Manche kehrten zurück in die Wälder, den Kopf voll neuer Ideen und fremder Magie. Sie vergaßen die alten Traditionen und begannen Türme aus Stein und Zauberkraft zu errichten, höher als die ältesten Bäume. Sie strebten den Sternen und der Sonne entgegen, den hohen Gefilden, um ihnen näher zu sein. Unbekannte Rituale vollführend zogen sie sich in ihre Gemäuer zurück und wendeten sich ab von ihrem alten Leben. Sie wurden die Hochelfen, und die Chroniker singen ihre Lieder.
Der Wahnsinn der Tiefen
Schon bald nach der Ersten Schlacht verließen manche der Elfen den Wald, den Schoß der Mutter. Sie fragten sich, was sich wohl unter dem Antlitz der Erde verbarg und mächtig genug war, solch tiefe Abgründe aufzutun. Sie begaben sich hinab in die Dunkelheit, nicht ängstlich doch voller Tatendrang, die Geheimnisse zu erkunden. Aber sie erkannten nicht die Gefahr die in den Unterwelten lauerte, wussten nicht um die Bedrohung die sie erwartete. Immer tiefer stießen sie vor und bemerkten nicht die Verseuchung der Unterwelt, und das Gift brachte sie um den Verstand. Nur wenige kehrten zurück in die Wälder, doch der Wahnsinn hatte sie gezeichnet, erkannten sie doch kaum ihre Brüder und Schwestern. Fortan scheuten sie das Licht der Sonne und gruben Höhlen in den Wäldern, ihr Schicksal verbergend. Sie wurden die Dunkelelfen, und die Chroniker singen ihre Lieder.
Die Königin
Kummer überkam das Grauvolk. Zurückgelassen in den Wäldern betrauerten sie ihr Los. Die Harmonie lag im Sterben. Auch ihr grünes Reich spürte den Verlust. Gleich Armen die sehnsüchtig Halt suchen, wucherten wild und ungezügelt die Triebe der Büsche und Sträucher. Gräser und Kräuter sprossen unkontrolliert empor, stahlen zarten Blüten und jungen Pflanzen das Licht der Sonne. Mächtige Bäume ächzten unter der Last der Ranken, die mit starkem Griff Stamm und Ast umklammerten. Rehe scheuten, Keiler verbargen sich, das Lied der Vögel verstummte, die Bären wurden grimmig. Die ganze unbändige Macht von Iníon an saoil wurde offenbar.

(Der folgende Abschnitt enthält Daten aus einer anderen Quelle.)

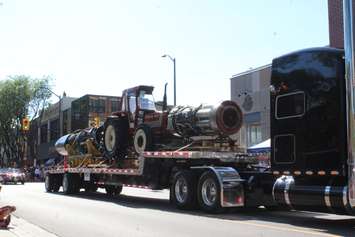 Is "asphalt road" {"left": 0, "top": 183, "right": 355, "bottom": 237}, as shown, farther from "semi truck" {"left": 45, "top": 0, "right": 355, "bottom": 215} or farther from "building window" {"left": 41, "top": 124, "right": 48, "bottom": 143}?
"building window" {"left": 41, "top": 124, "right": 48, "bottom": 143}

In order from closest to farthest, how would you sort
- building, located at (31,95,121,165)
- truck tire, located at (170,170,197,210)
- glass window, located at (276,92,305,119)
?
glass window, located at (276,92,305,119), truck tire, located at (170,170,197,210), building, located at (31,95,121,165)

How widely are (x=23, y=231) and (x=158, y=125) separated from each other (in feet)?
28.4

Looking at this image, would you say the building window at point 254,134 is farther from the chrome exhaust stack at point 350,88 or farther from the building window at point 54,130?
the building window at point 54,130

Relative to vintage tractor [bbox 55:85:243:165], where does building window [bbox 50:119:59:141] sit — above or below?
above

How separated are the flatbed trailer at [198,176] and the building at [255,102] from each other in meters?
15.3

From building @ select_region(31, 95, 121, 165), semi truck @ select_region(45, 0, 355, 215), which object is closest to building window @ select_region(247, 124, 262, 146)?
semi truck @ select_region(45, 0, 355, 215)

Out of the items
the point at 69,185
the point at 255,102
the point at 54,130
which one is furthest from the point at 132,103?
the point at 54,130

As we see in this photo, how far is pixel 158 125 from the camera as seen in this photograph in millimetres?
19828

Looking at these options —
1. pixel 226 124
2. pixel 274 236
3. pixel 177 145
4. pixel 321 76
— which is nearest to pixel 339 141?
pixel 321 76

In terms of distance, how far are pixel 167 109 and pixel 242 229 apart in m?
8.76

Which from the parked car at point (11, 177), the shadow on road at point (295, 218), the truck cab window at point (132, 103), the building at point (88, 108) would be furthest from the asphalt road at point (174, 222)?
the building at point (88, 108)

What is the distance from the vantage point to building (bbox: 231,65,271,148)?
114 ft

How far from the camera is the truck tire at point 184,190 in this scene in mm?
16031

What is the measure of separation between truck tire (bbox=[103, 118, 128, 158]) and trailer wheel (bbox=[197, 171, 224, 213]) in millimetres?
6283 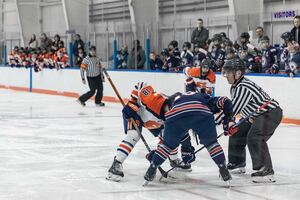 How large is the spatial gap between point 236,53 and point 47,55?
9.92 metres

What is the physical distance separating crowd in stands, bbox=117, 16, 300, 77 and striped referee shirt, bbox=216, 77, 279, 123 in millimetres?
6004

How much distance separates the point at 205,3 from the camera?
19484 mm

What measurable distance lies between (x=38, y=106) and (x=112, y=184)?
35.1ft

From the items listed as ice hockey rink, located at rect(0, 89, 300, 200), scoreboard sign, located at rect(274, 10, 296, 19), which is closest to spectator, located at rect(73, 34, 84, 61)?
scoreboard sign, located at rect(274, 10, 296, 19)

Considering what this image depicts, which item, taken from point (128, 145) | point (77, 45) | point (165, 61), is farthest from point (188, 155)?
point (77, 45)

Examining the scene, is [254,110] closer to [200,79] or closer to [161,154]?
[161,154]

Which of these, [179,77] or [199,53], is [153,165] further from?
[179,77]

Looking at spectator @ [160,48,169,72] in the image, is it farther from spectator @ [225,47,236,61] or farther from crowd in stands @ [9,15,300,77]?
spectator @ [225,47,236,61]

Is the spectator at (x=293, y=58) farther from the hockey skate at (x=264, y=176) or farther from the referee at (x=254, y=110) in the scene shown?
the hockey skate at (x=264, y=176)

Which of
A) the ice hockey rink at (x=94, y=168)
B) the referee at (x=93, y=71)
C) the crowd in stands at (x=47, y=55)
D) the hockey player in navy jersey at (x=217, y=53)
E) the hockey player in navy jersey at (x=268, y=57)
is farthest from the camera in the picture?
the crowd in stands at (x=47, y=55)

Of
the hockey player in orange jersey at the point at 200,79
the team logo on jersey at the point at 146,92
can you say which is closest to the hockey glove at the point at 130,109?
the team logo on jersey at the point at 146,92

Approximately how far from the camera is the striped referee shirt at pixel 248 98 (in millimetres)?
6633

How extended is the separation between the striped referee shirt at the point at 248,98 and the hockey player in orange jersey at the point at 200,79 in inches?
25.8

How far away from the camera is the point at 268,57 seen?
13.4 m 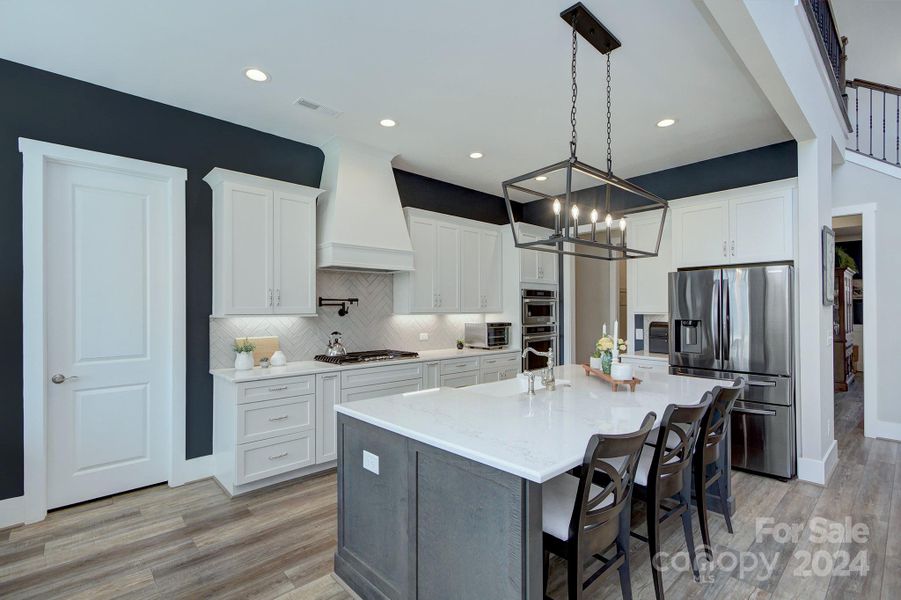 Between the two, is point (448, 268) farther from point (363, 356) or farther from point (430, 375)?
point (363, 356)

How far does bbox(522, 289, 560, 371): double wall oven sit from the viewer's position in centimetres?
550

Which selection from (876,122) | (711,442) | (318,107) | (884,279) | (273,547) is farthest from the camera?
(876,122)

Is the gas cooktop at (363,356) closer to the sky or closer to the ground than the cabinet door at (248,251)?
closer to the ground

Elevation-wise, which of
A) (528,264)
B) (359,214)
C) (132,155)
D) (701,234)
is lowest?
(528,264)

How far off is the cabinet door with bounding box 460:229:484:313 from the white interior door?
2.93 meters

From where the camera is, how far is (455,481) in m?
1.70

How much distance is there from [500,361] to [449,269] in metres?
1.24

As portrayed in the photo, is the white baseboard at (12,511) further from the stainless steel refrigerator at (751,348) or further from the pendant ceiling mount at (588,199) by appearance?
the stainless steel refrigerator at (751,348)

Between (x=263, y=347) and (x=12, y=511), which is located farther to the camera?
(x=263, y=347)

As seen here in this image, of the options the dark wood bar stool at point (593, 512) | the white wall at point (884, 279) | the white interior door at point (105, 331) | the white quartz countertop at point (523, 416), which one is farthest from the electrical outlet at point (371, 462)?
the white wall at point (884, 279)

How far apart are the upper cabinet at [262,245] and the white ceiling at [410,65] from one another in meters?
0.58

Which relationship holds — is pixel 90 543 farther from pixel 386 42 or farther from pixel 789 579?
pixel 789 579


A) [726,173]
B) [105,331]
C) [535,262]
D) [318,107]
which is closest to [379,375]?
[105,331]

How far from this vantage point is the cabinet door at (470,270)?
5.20 metres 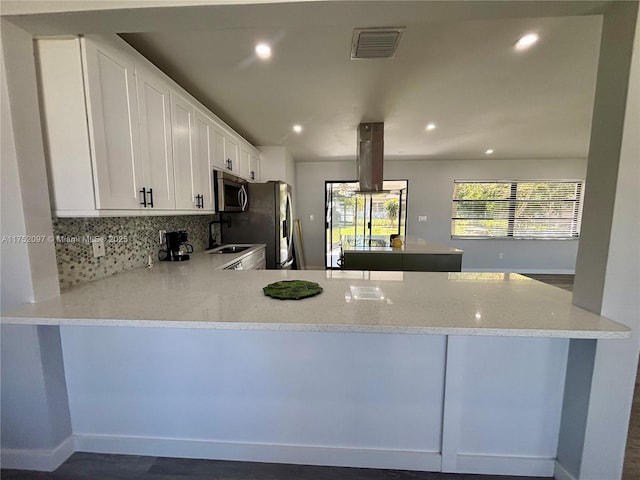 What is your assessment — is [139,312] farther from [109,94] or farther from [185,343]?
[109,94]

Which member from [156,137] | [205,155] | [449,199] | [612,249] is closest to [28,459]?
[156,137]

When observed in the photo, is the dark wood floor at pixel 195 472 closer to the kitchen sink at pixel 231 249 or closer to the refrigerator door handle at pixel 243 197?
the kitchen sink at pixel 231 249

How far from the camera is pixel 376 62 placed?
76.2 inches

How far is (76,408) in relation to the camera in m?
1.46

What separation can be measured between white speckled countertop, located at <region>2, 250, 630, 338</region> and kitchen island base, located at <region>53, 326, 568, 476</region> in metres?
0.20

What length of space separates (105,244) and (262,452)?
1.59 m

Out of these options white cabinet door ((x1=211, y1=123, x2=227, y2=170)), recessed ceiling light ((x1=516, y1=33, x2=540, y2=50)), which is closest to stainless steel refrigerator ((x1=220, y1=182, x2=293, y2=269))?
white cabinet door ((x1=211, y1=123, x2=227, y2=170))

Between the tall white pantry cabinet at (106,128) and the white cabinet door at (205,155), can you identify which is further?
the white cabinet door at (205,155)

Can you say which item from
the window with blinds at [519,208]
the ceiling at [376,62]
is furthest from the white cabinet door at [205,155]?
the window with blinds at [519,208]

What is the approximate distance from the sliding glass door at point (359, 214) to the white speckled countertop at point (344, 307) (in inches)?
166

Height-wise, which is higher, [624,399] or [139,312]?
[139,312]

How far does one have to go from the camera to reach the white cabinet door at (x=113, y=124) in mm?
1318

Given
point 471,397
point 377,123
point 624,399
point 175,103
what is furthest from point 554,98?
point 175,103

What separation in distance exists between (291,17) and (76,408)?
2209 millimetres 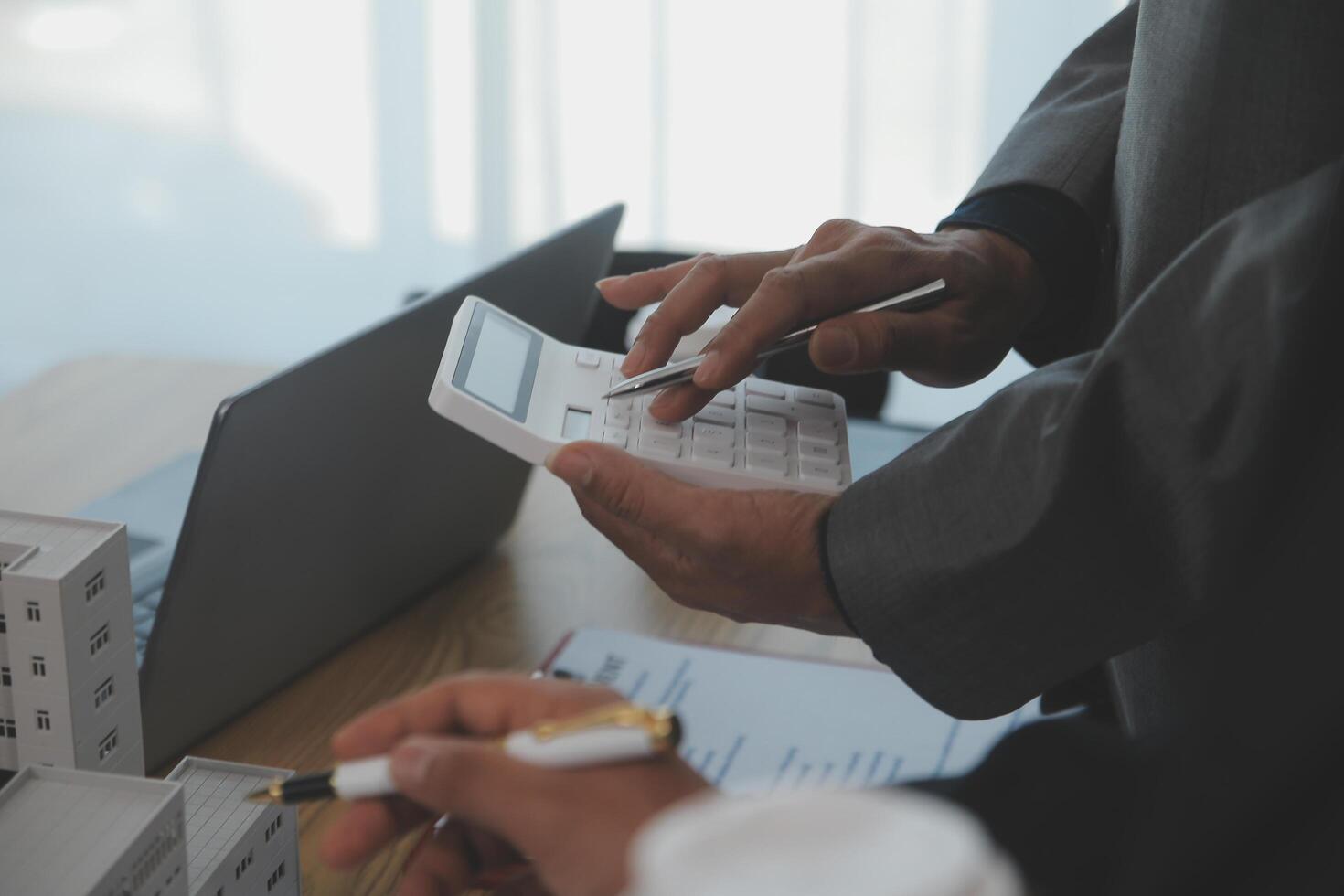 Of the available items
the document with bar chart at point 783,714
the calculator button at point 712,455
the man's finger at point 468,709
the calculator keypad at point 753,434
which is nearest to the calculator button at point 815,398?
the calculator keypad at point 753,434

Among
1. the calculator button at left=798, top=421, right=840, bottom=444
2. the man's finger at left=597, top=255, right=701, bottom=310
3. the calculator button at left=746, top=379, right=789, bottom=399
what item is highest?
the man's finger at left=597, top=255, right=701, bottom=310

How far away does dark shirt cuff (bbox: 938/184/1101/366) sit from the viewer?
82 centimetres

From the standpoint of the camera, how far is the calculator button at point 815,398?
781mm

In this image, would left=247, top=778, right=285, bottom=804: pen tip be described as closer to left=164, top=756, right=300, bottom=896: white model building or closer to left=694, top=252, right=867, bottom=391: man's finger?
left=164, top=756, right=300, bottom=896: white model building

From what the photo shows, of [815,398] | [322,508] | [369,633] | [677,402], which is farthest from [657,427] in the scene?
[369,633]

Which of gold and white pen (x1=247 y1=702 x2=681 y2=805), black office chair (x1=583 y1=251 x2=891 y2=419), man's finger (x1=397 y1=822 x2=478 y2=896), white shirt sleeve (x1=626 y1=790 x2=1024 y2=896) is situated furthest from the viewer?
black office chair (x1=583 y1=251 x2=891 y2=419)

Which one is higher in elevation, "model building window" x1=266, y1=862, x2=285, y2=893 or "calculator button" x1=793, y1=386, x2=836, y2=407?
"calculator button" x1=793, y1=386, x2=836, y2=407

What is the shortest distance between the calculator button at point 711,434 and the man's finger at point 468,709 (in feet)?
0.85

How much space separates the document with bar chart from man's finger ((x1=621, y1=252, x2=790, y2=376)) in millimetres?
235

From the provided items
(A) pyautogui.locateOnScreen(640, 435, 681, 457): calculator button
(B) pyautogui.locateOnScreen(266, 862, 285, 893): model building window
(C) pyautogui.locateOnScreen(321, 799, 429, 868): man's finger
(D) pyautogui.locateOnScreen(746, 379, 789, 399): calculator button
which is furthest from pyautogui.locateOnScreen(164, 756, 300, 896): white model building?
(D) pyautogui.locateOnScreen(746, 379, 789, 399): calculator button

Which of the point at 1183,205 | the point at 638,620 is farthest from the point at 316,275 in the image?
the point at 1183,205

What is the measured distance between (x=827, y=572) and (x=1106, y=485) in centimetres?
14

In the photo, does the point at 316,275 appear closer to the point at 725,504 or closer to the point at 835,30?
the point at 835,30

Da erschien ihre Schwester, Banríon an Síofra, die Elfenkönigin, und stimmte ein neues Lied an, mitten hinein in ihre traurigen Herzen. Zunächst nur ein Klang so zart und zerbrechlich wie silberner Tau an einem Frühlingsmorgen, bald ein Wind der ihre Stimme zwischen die Horizonte trägt, schließlich ein himmelweites Gewitter, dessen bebendes Grollen die Schwachen und Mutlosen verzagen lässt. Sie ließ die hohen Türme erzittern, drang hinab in die Dunkelheit, und forderte Aller Aufmerksamkeit. Sie öffnete ihnen die Augen und sprach zu ihnen. Da erblickten sie einander und verstanden.
Und die Chroniker singen ihr Lied.
Elfenlieder
Re: Elfenlieder
Ganz toll, ich liebe die Lieder!
Nur als kurze Anmerkung: Die Leute, die Chroniken verfassen, nennt man normalerweise "Chronisten". "Chroniker" sind eher die, die chronisch krank sind.
Nur als kurze Anmerkung: Die Leute, die Chroniken verfassen, nennt man normalerweise "Chronisten". "Chroniker" sind eher die, die chronisch krank sind.